[[ INPUT MATERIAL, beginning ]]
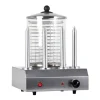 Berger Lanz Hot Dog Maschine Weber HD104 mit 4 Spiessen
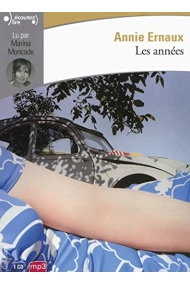 Cover von Les années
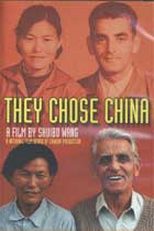 They Chose China (They Chose China)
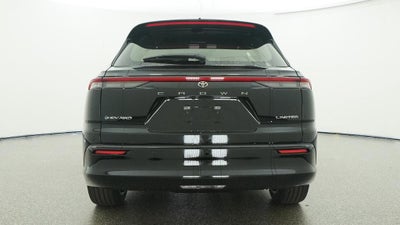 2026 Toyota Toyota Crown Signia Limited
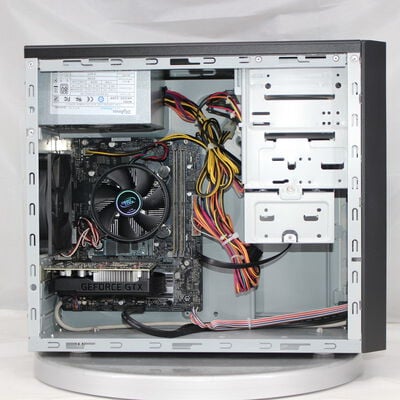 中古  THIRDWAVE Magnate EM041(Intel Core i5 9400F/16GB/SSD256GB/DVDマルチ/NVIDIA GeForce GTX 1650 4GB/W11H64 MAR) 178560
[[ INPUT MATERIAL, end ]]
*YOUR GOAL*.
Nothing but the lines from the one that contains "2026 Toyota Toyota Crown Signia Limited" through the last line of the records belongs in the answer, reproduced exactly, with no pictures.

*REPLY TO THE TASK*.
 2026 Toyota Toyota Crown Signia Limited
 中古  THIRDWAVE Magnate EM041(Intel Core i5 9400F/16GB/SSD256GB/DVDマルチ/NVIDIA GeForce GTX 1650 4GB/W11H64 MAR) 178560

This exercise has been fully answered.